Turkey on Friday rejected as a "smear" campaign claims by Twitter that thousands of fake profiles had been set up to boost support for President Recep Tayyip Erdogan.

Turkey on Friday rejected as a “smear” campaign claims by Twitter that thousands of fake profiles had been set up to boost support for President Recep Tayyip Erdogan.

Twitter said more than 7,300 accounts were detected in early 2020 with the primary aim of propping up Erdogan and his ruling party — all of which have since been deleted.

They were among over 32,000 accounts removed by Twitter which said they were used by China, Russia and Turkey for propaganda, to sow misinformation or attack critics.

“The company’s allegations that those accounts were ‘fake’ profiles designed to support the President and that they were single-handedly managed by a central authority are untrue,” Erdogan’s communications director Fahrettin Altun said on Twitter.

He said the “attempt to smear the Government of Turkey and a popular political movement is unacceptable”.

Altun accused the social media network of being a “propaganda machine with certain political and ideological inclinations”.

Turkish authorities have previously imposed temporary blocks on Twitter and other social media during crises, for example following an airstrike in Syria’s Idlib which killed dozens of Turkish soldiers in February this year.

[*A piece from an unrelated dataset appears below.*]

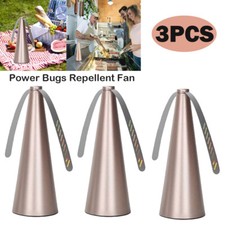 3Pcs Power Bugs Repellent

In December 2015, Turkey’s communications regulator issued an unprecedented fine on Twitter for allowing the publication of content deemed to justify terror.

Erdogan has previously hit out at Twitter, once comparing social media to a “knife in the hand of a murderer” and saying “I don’t like to tweet, schmeet.”

His aversion dates back to anti-government protests in 2013, which were often mobilised by Twitter and Facebook posts.

Altun warned Twitter against such steps, including an attempt to portray Turkey “in a certain political light.

“We would like to remind this company of the eventual fate of a number of organisations, which attempted to take similar steps in the past,” he said.